Peter J. Black (S'88) was born in Brisbane, Australia, in 1964. He received the B.E. degree in electronic engineering from the University of Queensland. Australia, in 1985. In 1990 he received the M.S.E.E. degree from Stanford University, Stanford, CA, and is currently a Ph.D. candidate at the same university.

From 1986 to 1988 he worked at Austek Microsystems, Adelaide, Australia, on custom VLSI design for digital signal processing.

Mr.
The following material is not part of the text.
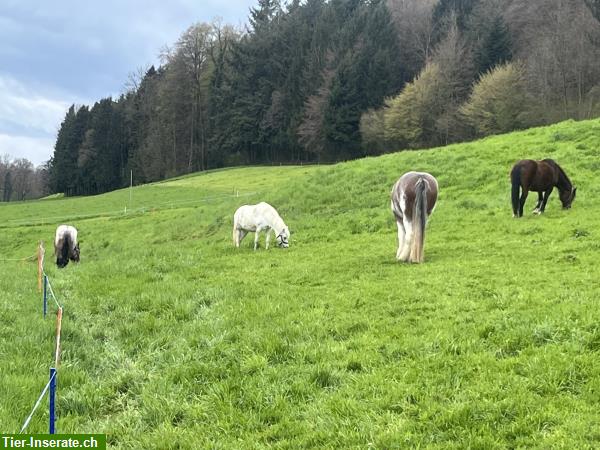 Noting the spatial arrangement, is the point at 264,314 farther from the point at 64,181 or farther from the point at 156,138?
the point at 64,181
Black is a Fulbright Scholar and received an IBM Graduate Fellowship in 1990. In 1985 he was awarded the University Medal by the University of Queensland.
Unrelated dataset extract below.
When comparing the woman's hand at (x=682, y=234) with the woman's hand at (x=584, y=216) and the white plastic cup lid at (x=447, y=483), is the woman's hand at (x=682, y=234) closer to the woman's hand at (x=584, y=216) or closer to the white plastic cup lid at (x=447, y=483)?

Teresa H. Meng received the B.S. degree from National Taiwan University in 1983 and the M.S. and Ph.D. degrees from the University of California, Berkeley, in 1984 and 1988, respectively.

She has been an Assistant Professor in the Department of Electrical Engineering at Stanford University, Stanford, CA, since 1988. Her current research activities include digital signal processing, wireless data communication, and dedicated-hardware design of real-time DSP applications.

Dr. Meng received the IEEE Signal Processing Society's Paper Award in 1987, the 1989 NSF Presidential Young Investigator Award, the 1989 ONR Young Investigator Award, a 1989 IBM Faculty Development Award, and the 1988 Eli Jury Award at the University of California, Berkeley, for recognition of excellence in systems research.